• **Required action**:
Could you transcribe every record below exactly, leaving out the pictures?
** Opening Source data block **
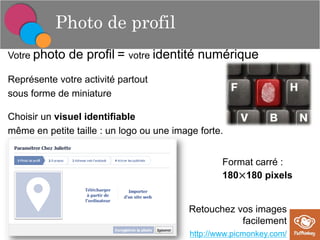 Photo de profil
Votre photo

de profil = votre identité numérique

Représente votre activité partout
sous forme de miniature
Choisir un visuel identifiable
même en petite taille : un logo ou une image forte.
Format carré :
180×180 pixels

Retouchez vos images
facilement
http://www.picmonkey.com/

 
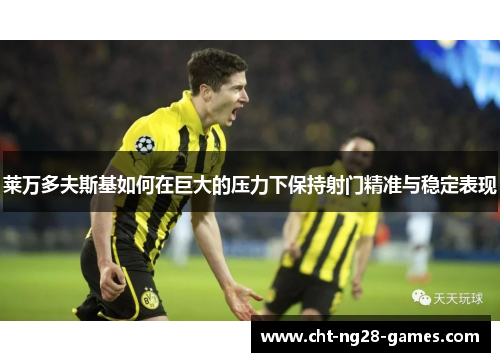 莱万多夫斯基如何在巨大的压力下保持射门精准与稳定表现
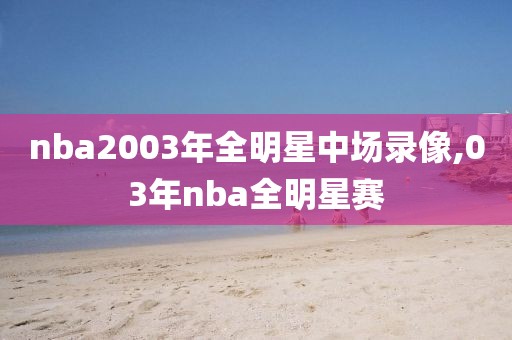 nba2003年全明星中场录像,03年nba全明星赛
** Closing Source data block **
• **Your response**:
 Photo de profil
Votre photo

de profil = votre identité numérique

Représente votre activité partout
sous forme de miniature
Choisir un visuel identifiable
même en petite taille : un logo ou une image forte.
Format carré :
180×180 pixels

Retouchez vos images
facilement
http://www.picmonkey.com/

 
 莱万多夫斯基如何在巨大的压力下保持射门精准与稳定表现
 nba2003年全明星中场录像,03年nba全明星赛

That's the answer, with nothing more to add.